Karena itu, separuh responden berpendapat sebaiknya komunisme tak diajarkan
sebagai ilmu pengetahuan. Buku-buku tentang komunisme juga sebaiknya dilarang
beredar.
Keadaan di tahun-tahun
berikutnya dan sampai saat ini nampaknya tidak banyak berubah meskipun era Orde
Baru juga sudah tumbang. Masih banyak diantara masyarakat yang memandang sinis
dan suatu kesalahan dengan adanya PKI dan komunisme. Beberapa bulan yang lalu
para eks tapol (tahanan politik) PKI yang usianya sudah diatas tujuh puluh
tahun bertemu untuk sekedar berkumpul dan temu kangen. Namun beberapa warga dan
ormas FPI mendatangi dan membubarkan paksa dengan alasan takut ajaran komunis
hendak dibangkitkan. Bahkan pihak kepolisian tampak mendukung dengan tunduk untuk
membubarkan dan menangkap para kakek dan nenek-nenek tersebut. Minimnya
pengetahuan sejarah dan propaganda Orde Baru nampaknya masih kuat melekat
sehingga menciptakan phobia dan ketakutan sendiri di kalangan mereka yang
fanatik buta. Bagaimanapun juga PKI adalah bagian dari sejarah Indonesia.
Partai komunis terbesar yang melancarkan serangan-serangan anti-kolonialisme
dan anti-kapitalisme dengan menjadi musuh besar negara-negara Eropa dan Amerika
yang sedang berkoloni di banyak wilayah negara.

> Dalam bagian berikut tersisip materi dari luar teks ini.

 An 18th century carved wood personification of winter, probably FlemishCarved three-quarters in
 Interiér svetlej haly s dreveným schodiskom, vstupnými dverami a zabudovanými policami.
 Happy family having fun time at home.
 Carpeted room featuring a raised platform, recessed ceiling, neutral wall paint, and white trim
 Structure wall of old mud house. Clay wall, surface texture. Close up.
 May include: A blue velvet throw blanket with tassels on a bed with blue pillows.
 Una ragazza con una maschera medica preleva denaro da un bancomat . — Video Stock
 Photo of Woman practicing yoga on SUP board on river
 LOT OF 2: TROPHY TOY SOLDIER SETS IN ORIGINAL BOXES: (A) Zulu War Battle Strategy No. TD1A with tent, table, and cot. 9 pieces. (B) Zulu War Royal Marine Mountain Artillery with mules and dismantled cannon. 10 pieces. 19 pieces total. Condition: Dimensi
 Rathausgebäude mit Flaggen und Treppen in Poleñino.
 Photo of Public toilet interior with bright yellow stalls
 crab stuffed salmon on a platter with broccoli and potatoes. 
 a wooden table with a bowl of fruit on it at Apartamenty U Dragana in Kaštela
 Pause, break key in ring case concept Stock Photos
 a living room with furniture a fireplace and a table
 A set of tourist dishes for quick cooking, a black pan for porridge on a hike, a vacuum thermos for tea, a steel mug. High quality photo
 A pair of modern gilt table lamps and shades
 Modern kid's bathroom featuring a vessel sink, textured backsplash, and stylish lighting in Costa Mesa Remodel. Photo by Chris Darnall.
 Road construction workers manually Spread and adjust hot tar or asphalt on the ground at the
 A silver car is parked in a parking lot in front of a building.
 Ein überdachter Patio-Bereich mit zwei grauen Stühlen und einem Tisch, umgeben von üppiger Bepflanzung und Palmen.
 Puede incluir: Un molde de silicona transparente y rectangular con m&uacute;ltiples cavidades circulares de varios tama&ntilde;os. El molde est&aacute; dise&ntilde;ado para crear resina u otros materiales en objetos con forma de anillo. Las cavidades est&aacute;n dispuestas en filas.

Teori kultivasi mengemukakan
bahwa realitas pada media dianggap sebagai realitas yang mutlak sesungguhnya
terjadi di kenyataan. Kejadian yang disajikan oleh media mana pun (koran,
televisi, radio, dan internet) dianggap sebagai representasi keadaan
sesungguhnya di masyarakat. Bagi penguasa, media adalah kendaraan yang ampun
untuk mengontrol dan menggiring masyarakat kepada suatu kepatuhan kepentingan
pengusa. Di era Soeharto sangat jelas memanfaatkan kekuatan media sebagai
corong paling mujarab untuk melancarkan propaganda dan hegemoni.